Captioned web image data:
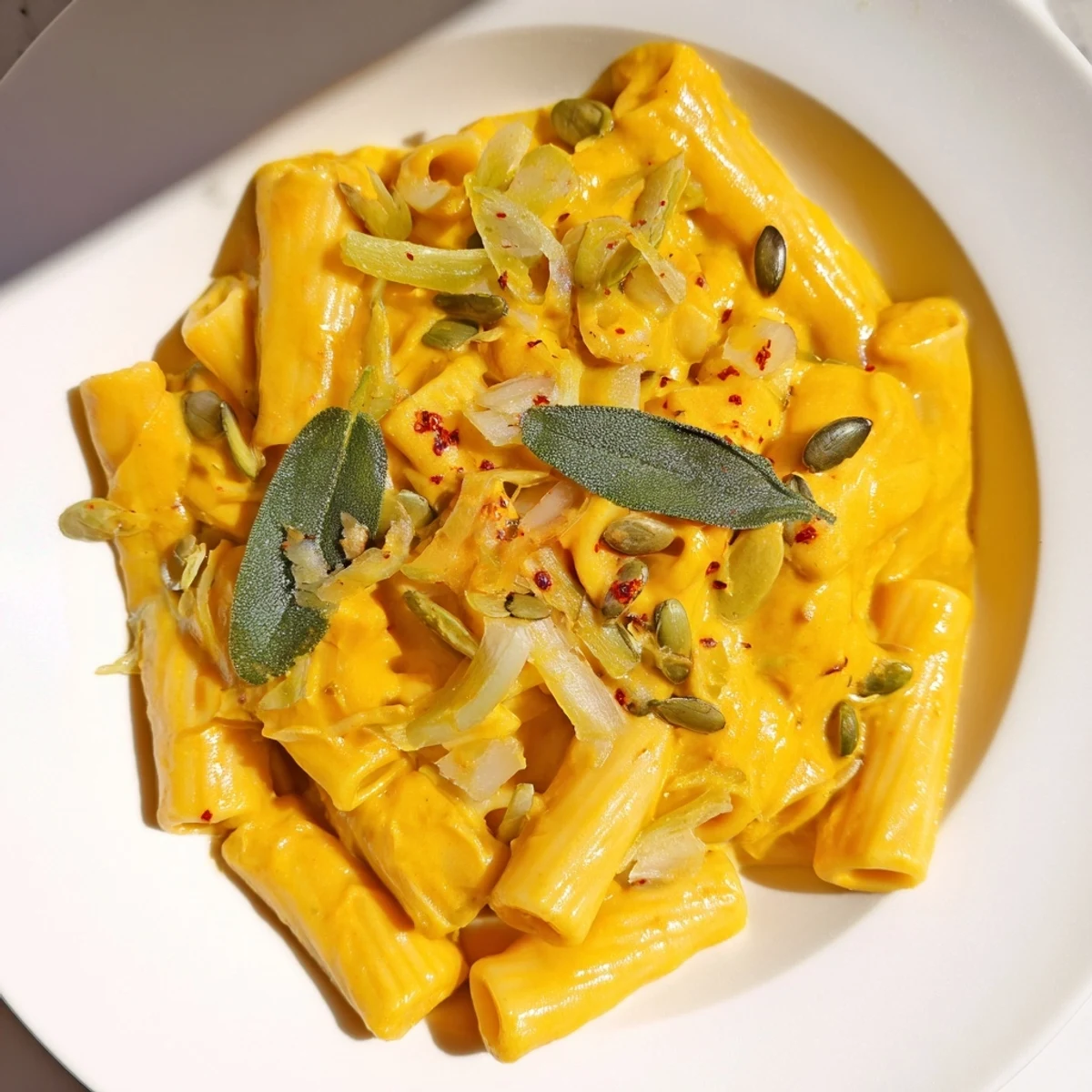 Steaming bowl of Vegan Creamy Pumpkin Pasta, garnished with fresh sage and toasted pumpkin seeds.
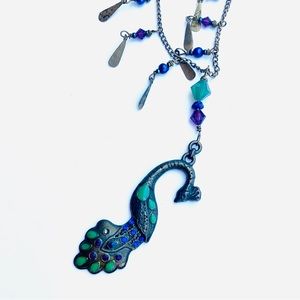 Handmade Peacock Victorian Necklace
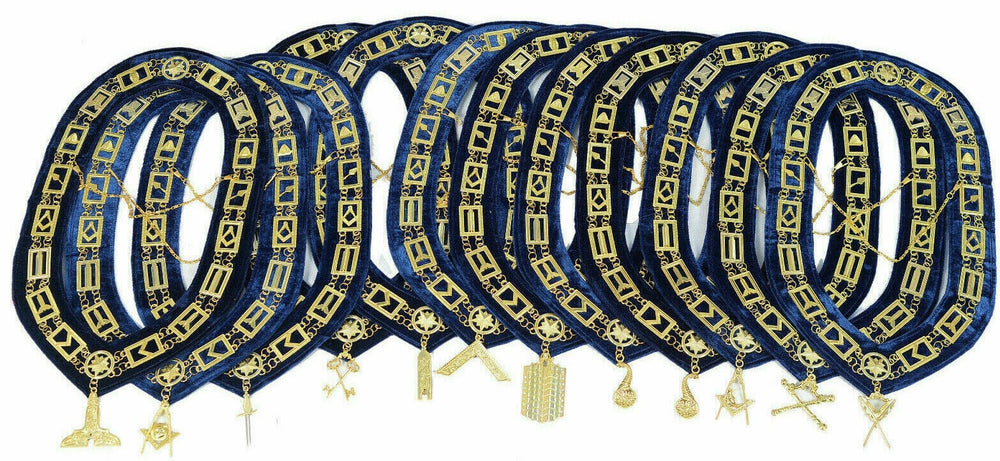 RIAZ IMPEX MASONIC REGALIA MASONIC BLUE LODGE GOLD LOT OF 12 CHAIN COLLAR + FREE JEWEL SET BEST QUALITY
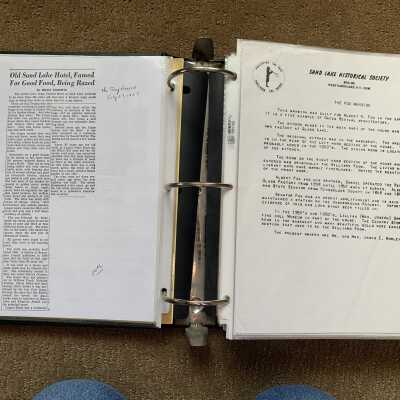 Left: 1957 Troy Record article regarding demolition of the Crape's Hotel and stagecoach stop..: Right:  Brief history of the Fox Mansion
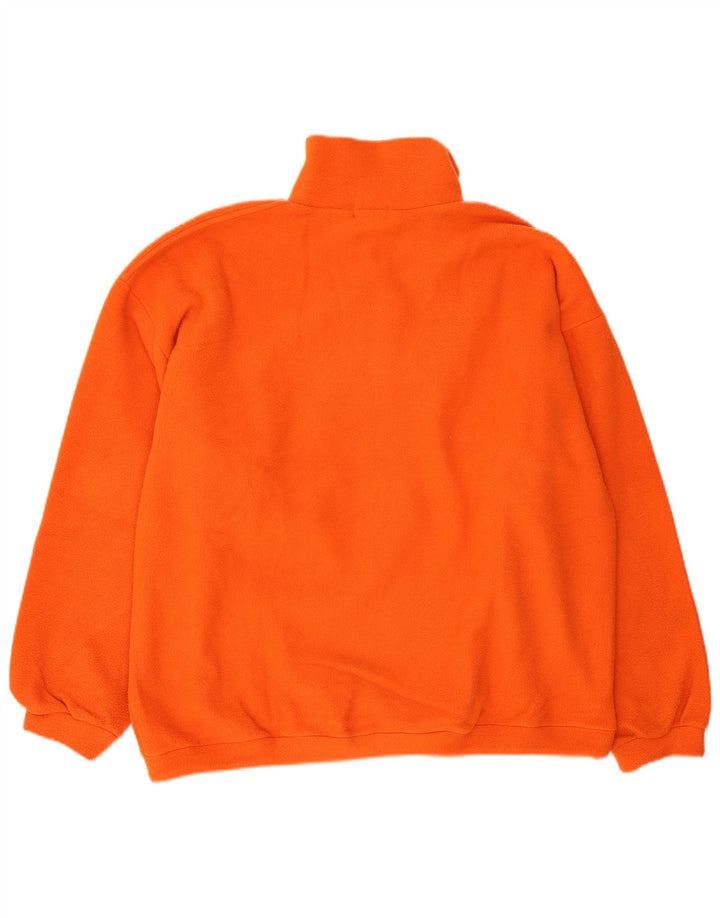 Vintage hombres botón cuello polar jumper XL naranja poliéster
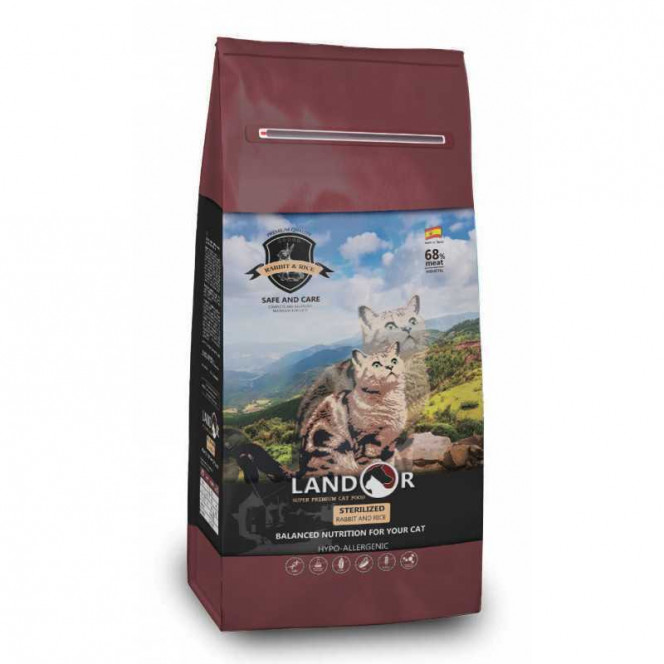 Landor Sterilized&Light Cat Rabbit&Rice - A dry feed with a rabbit and rice for the sterilized cats and cats with an excess weight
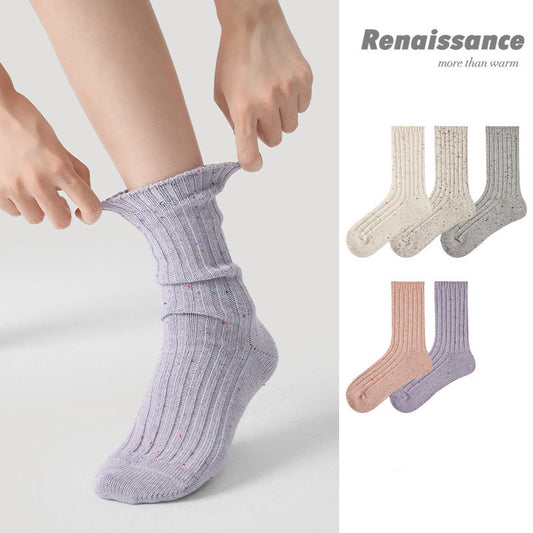 Mid Calf Dotted Combed Cotton Moisture Wicking Socks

** PROBLEM REQUIREMENTS **
The records above should be repeated exactly, with every picture omitted.

** ANSWER SECTION **
 Steaming bowl of Vegan Creamy Pumpkin Pasta, garnished with fresh sage and toasted pumpkin seeds.
 Handmade Peacock Victorian Necklace
 RIAZ IMPEX MASONIC REGALIA MASONIC BLUE LODGE GOLD LOT OF 12 CHAIN COLLAR + FREE JEWEL SET BEST QUALITY
 Left: 1957 Troy Record article regarding demolition of the Crape's Hotel and stagecoach stop..: Right:  Brief history of the Fox Mansion
 Vintage hombres botón cuello polar jumper XL naranja poliéster
 Landor Sterilized&Light Cat Rabbit&Rice - A dry feed with a rabbit and rice for the sterilized cats and cats with an excess weight
 Mid Calf Dotted Combed Cotton Moisture Wicking Socks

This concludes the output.